Regia di Clint Eastwood vedi scheda film
Frank Beechum, un nero di trent'anni condannato per l'assassinio di una giovane donna bianca in un supermarket, sta per essere giustiziato. Steve Everett ( Clint Eastwood) , un giornalista ex alcolizzato e dalla vita privata devastata, si trova casualmente a dover scrivere un pezzo per il giornale locale, l' Herald Tribune. Ma una volta preso il fascicolo del caso , si accorge che il condannato potrebbe essere innocente.
Mi piace pensare che ci sia un po' di Steve Everett in ognuno di noi. Un uomo che non può arretrare davanti a niente e nessuno, perché incapace di farlo, non importa che si tratti del capo redattore infuriato (un magnifico James Woods) o della propria moglie disperata e delusa, non importa neanche quando a bussare sono i mastini nello stomaco che ruggendo chiedono una nuova sbronza.
In questo grande grande film , al di là del genere ( un ottimo thriller) ed una netta presa di posizione contro la pena di morte, c'è una profonda malinconia per una giustizia ricercata, sfuggente e struggente, soffocata da un sistema incapace di pensare, e a cui neanche la religione sa dare spiegazioni. E la stampa? Per Clint è cialtroneria, buona per lavare le coscienze dei lettori sfornando pezzi di "utilità morale" che non sanno guardare dove devono.
Cosa resta allora?
Come dice Everett, " il mio fiuto. È l'unica cosa che ho". Parole che suonano come macingni, un magro bilancio per un vecchio detective devastato da sconfitte ed errori personali, a cui non rimane che una fiducia ballerina in se stesso.

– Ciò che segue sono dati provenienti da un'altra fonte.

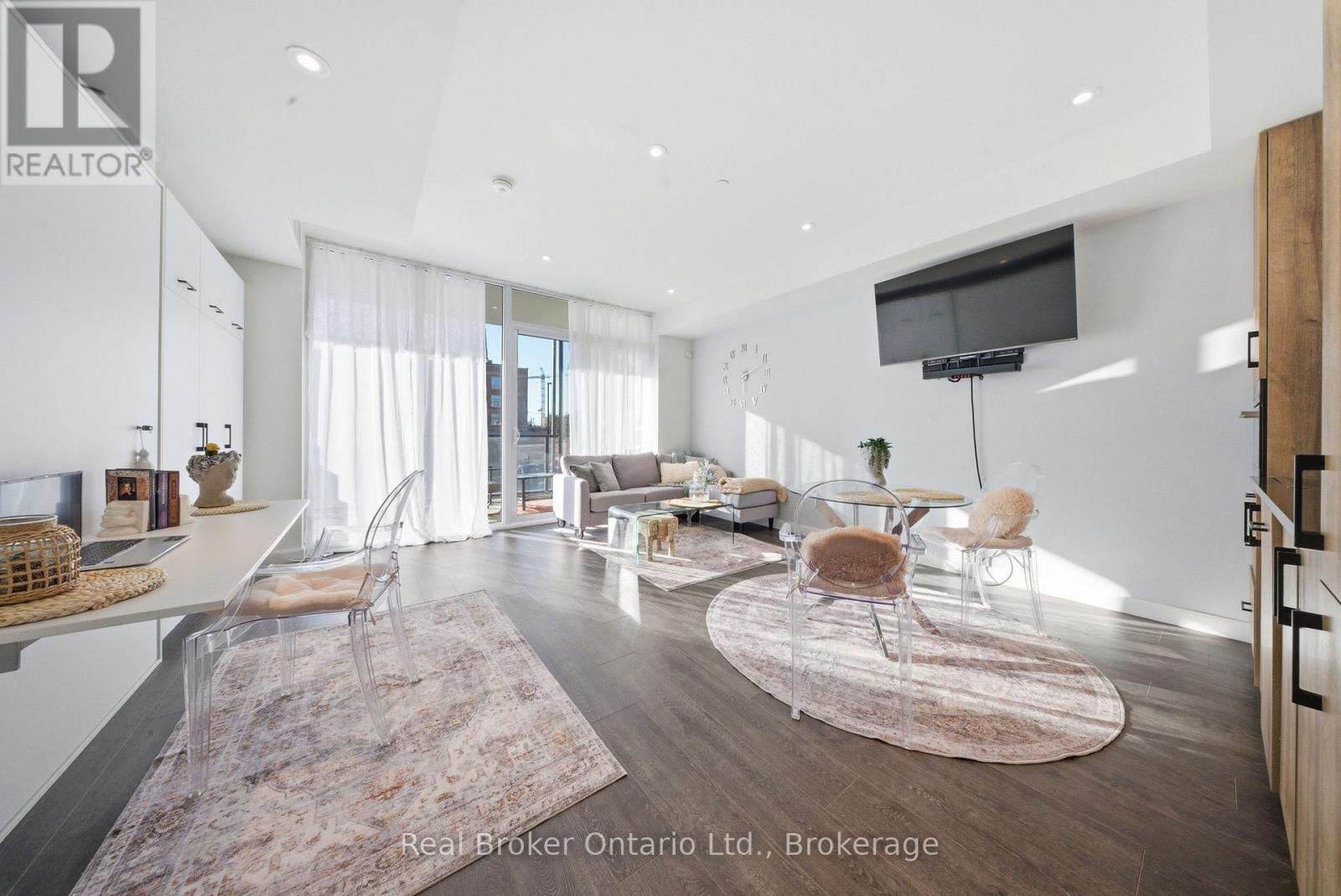 107 - 741 King Street W Property Photo 7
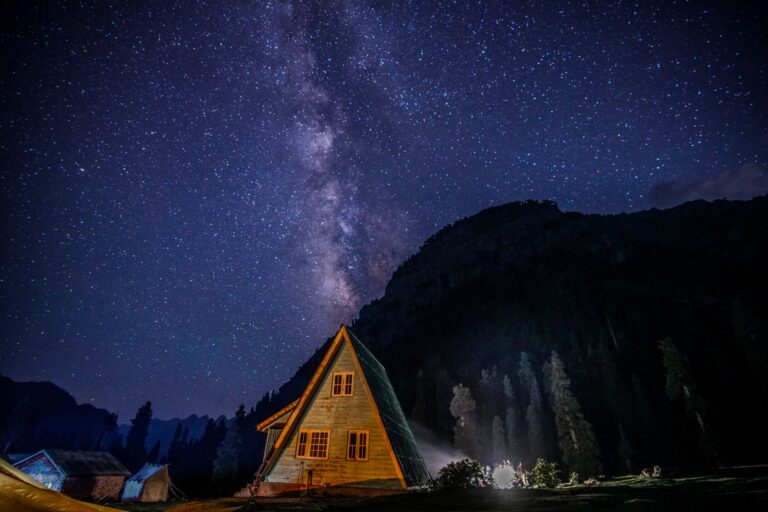 À la recherche d&rsquo;évasion en montagne : où trouver des logements authentiques pour des vacances hors du commun ?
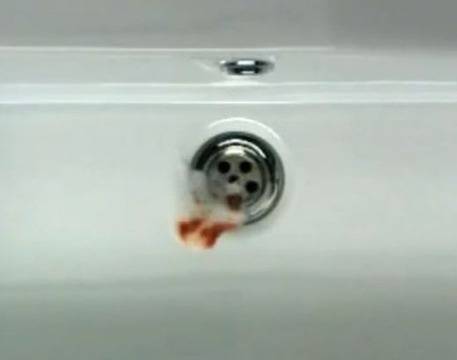 Спасиха от сваляне рекламата с плюене на кръв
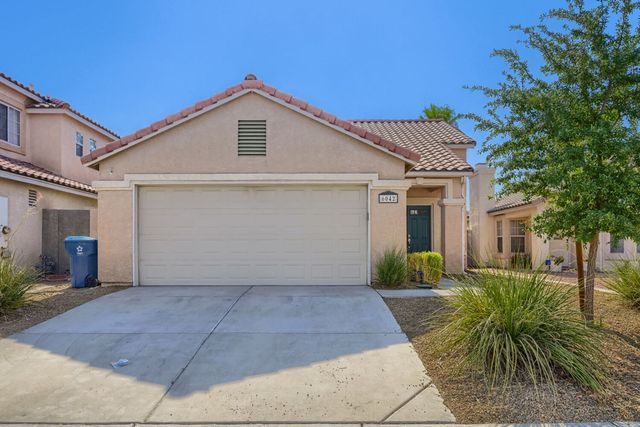 6042 Evening View St, North Las Vegas, NV 89031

Un tema delicato trattato con una sensibilità che rasenta il limite senza ostentare (quasi)mai, capace di regalare sussulti ed emozioni nelle oltre due ore di durata, come nella magnifica scena della corsa in auto. Lì c'è tutto Eastwood, il suo cinema , la sua vita.
Dopo il trittico delle meraviglie ( MDBaby, Mystic River e Gran Torino), uno dei migliori Eastwood.
Guardandolo ci si sente un po' a casa.